[Short text fragments from websites]
--------
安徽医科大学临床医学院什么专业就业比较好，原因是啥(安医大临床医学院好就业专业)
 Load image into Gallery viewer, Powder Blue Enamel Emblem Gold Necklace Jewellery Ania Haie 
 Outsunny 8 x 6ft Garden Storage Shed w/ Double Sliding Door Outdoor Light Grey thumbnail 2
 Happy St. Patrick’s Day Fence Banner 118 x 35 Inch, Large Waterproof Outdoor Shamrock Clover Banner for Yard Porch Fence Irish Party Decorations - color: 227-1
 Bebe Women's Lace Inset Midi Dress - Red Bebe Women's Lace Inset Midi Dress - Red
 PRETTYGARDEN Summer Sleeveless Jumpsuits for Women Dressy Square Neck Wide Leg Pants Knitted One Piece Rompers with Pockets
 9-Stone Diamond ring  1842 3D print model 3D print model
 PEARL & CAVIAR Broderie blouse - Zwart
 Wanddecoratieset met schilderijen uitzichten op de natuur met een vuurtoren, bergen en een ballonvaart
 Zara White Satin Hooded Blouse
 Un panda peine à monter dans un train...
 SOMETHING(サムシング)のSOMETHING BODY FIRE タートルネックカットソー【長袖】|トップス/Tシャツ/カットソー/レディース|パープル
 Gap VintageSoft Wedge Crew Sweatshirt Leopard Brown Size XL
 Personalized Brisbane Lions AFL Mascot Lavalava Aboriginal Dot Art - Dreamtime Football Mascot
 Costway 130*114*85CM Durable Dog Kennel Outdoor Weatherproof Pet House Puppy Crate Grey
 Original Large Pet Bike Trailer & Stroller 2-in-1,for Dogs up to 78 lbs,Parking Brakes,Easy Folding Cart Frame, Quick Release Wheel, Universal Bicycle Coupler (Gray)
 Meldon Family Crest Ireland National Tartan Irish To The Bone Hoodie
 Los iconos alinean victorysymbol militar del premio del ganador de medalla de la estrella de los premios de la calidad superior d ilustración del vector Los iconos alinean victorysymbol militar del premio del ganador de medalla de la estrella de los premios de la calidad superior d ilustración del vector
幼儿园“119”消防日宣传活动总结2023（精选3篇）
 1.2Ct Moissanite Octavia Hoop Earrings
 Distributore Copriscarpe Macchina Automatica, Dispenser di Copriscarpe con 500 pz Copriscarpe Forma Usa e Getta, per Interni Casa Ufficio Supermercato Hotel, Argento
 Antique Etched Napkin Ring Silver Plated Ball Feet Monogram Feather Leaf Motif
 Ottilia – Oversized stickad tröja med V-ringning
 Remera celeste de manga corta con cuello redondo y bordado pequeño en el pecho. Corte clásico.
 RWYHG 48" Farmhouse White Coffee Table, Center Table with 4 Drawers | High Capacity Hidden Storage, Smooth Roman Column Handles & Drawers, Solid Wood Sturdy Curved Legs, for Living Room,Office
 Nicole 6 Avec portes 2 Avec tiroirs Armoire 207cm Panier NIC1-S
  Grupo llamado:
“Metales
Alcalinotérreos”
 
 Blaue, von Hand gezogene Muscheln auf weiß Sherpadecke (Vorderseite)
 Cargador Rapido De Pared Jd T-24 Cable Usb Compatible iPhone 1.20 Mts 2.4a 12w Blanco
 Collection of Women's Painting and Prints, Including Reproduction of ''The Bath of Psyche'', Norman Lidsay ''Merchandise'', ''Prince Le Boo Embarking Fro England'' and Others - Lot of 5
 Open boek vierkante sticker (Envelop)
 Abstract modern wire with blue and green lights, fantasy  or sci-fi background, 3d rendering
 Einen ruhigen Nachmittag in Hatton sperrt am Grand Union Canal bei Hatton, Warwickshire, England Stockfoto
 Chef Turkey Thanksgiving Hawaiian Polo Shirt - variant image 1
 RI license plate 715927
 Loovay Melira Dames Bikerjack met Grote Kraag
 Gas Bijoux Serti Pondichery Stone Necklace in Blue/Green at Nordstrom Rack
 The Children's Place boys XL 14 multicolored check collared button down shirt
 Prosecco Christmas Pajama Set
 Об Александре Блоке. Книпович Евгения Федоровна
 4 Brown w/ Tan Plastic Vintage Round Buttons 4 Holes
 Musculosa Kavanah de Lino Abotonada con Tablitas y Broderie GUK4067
--------
Your reply must consist solely of the number of lines in the data that contain the word "Outdoor".

3